> **Data for processing**
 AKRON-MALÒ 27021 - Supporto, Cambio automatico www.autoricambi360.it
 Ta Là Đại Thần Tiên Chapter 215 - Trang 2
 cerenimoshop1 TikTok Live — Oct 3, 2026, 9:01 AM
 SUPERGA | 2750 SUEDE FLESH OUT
==
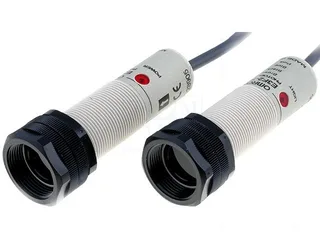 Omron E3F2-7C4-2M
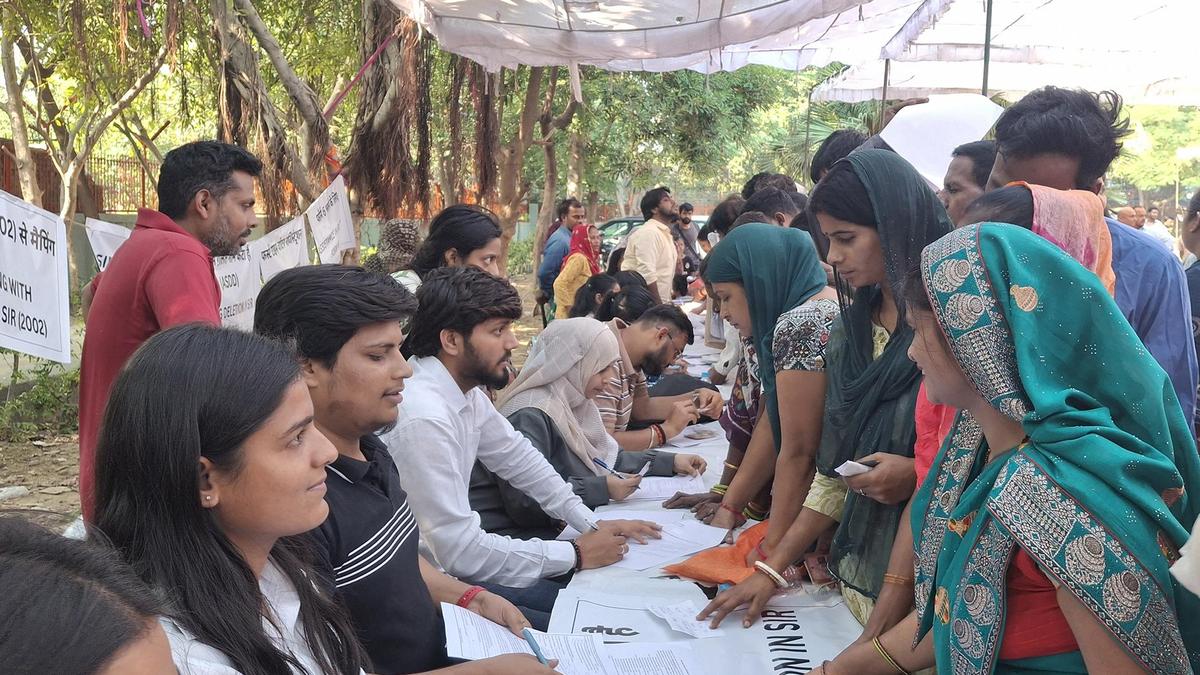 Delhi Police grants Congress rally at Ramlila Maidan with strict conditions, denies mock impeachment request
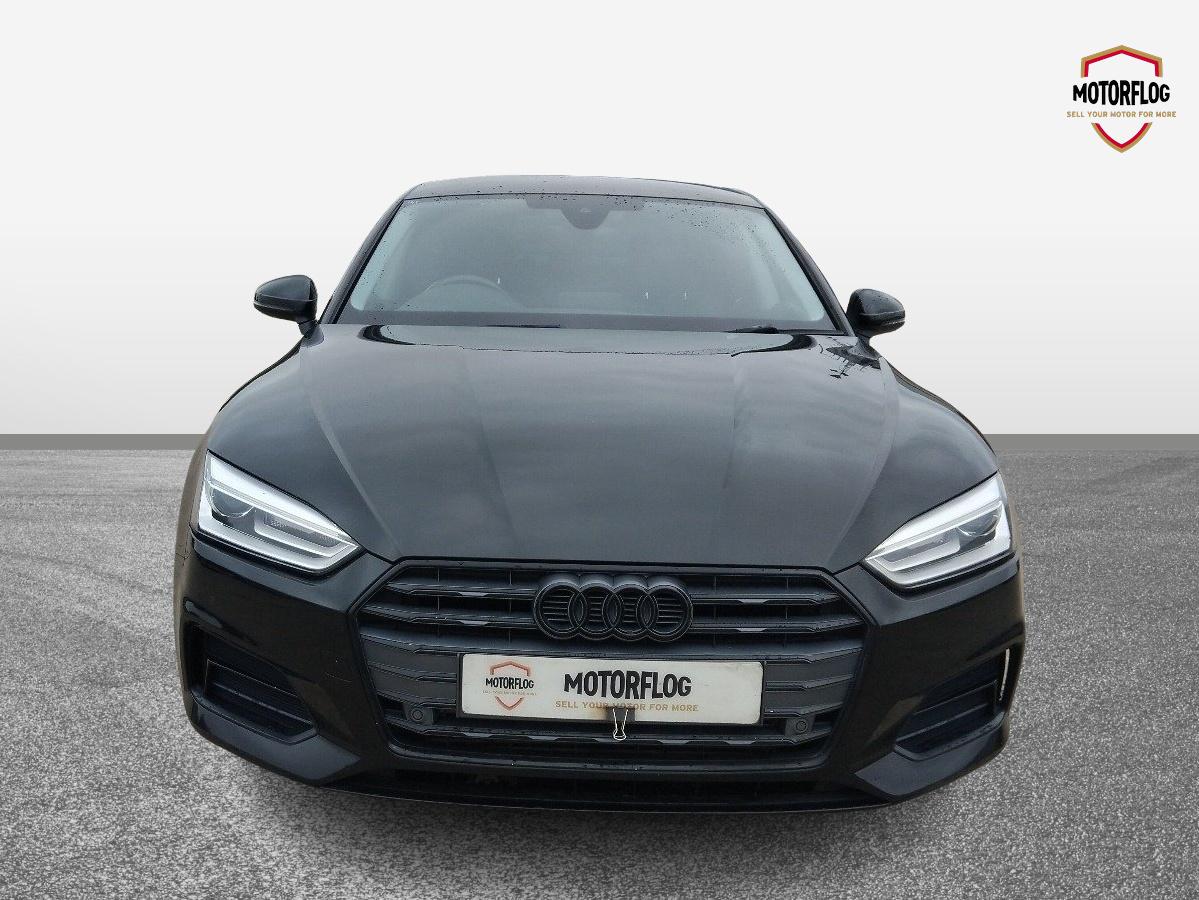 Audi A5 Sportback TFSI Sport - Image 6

> **Description of the task**
Repeat exactly the lines above from the one with "Ta Là Đại Thần Tiên Chapter 215 - Trang 2" up to and including the one with "SUPERGA | 2750 SUEDE FLESH OUT". No other line belongs in the reply.

> **Task solution**
 Ta Là Đại Thần Tiên Chapter 215 - Trang 2
 cerenimoshop1 TikTok Live — Oct 3, 2026, 9:01 AM
 SUPERGA | 2750 SUEDE FLESH OUT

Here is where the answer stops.